[Task inputs Boundary: Start]
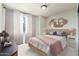 Stylishly decorated bedroom featuring a queen-sized bed and modern decor at 4228 N 81St St, Scottsdale, AZ 85251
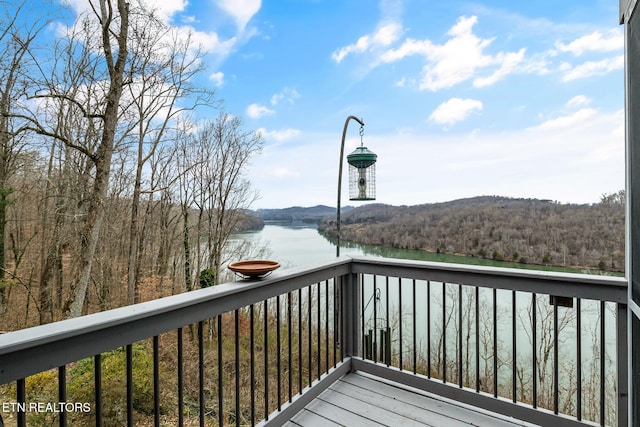 wooden deck featuring a water view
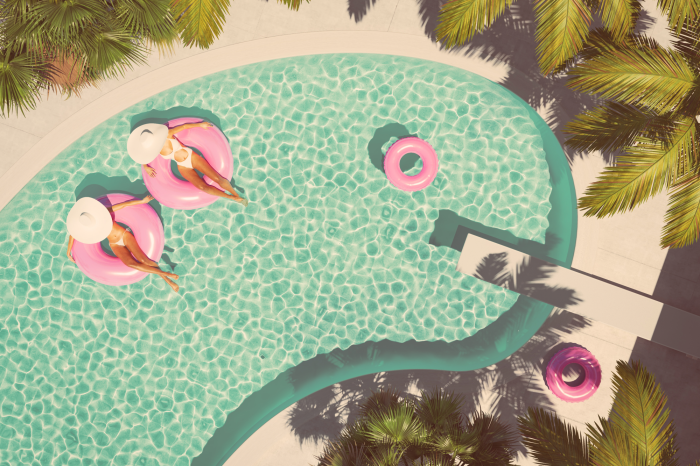 Tableau  Vue de dessus de la piscine et des femmes en cerceaux roses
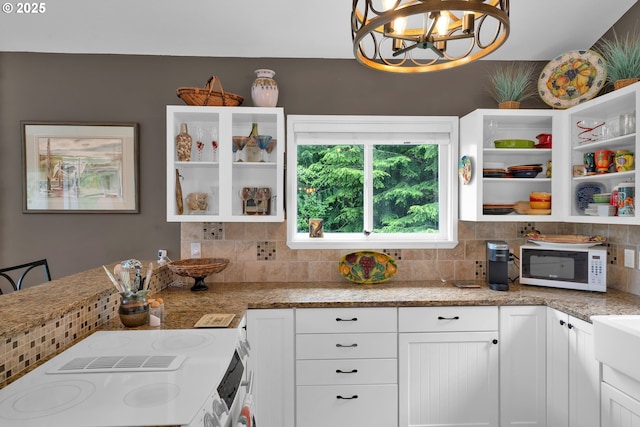 6027 View Loop, Florence, OR 97439 - kitchen with white microwave, open shelves, white cabinetry, and backsplash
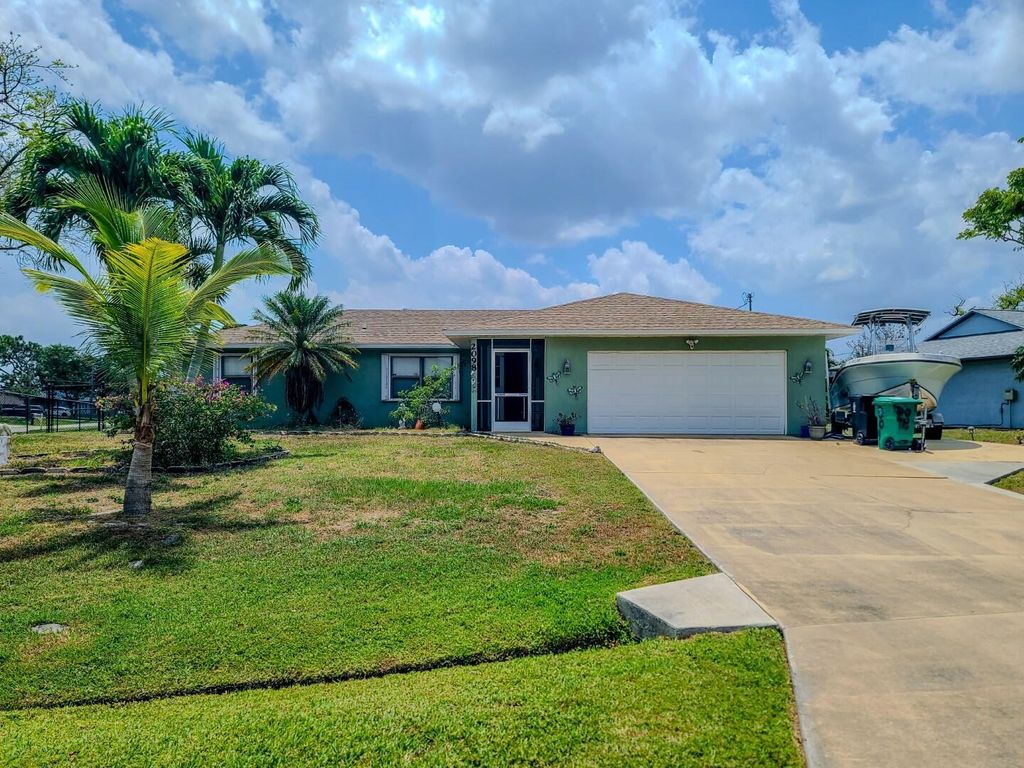Photo of 2098 SW Libra Lane, Port Saint Lucie, FL 34984 (MLS # R11004866)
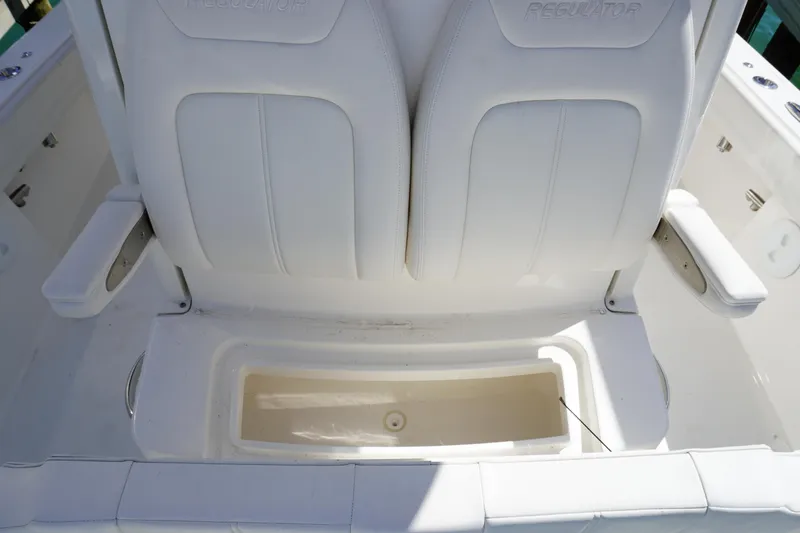 Slide: The Image of 2024 Regulator 26XO boat seating with storage compartment, featuring white cushioned seats. - 45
[Task inputs Boundary: End]
### [Your task]
Would you please repeat the entries above verbatim, excluding each picture?

### [Answer to this problem]
 Stylishly decorated bedroom featuring a queen-sized bed and modern decor at 4228 N 81St St, Scottsdale, AZ 85251
 wooden deck featuring a water view
 Tableau  Vue de dessus de la piscine et des femmes en cerceaux roses
 6027 View Loop, Florence, OR 97439 - kitchen with white microwave, open shelves, white cabinetry, and backsplash
Photo of 2098 SW Libra Lane, Port Saint Lucie, FL 34984 (MLS # R11004866)
 Slide: The Image of 2024 Regulator 26XO boat seating with storage compartment, featuring white cushioned seats. - 45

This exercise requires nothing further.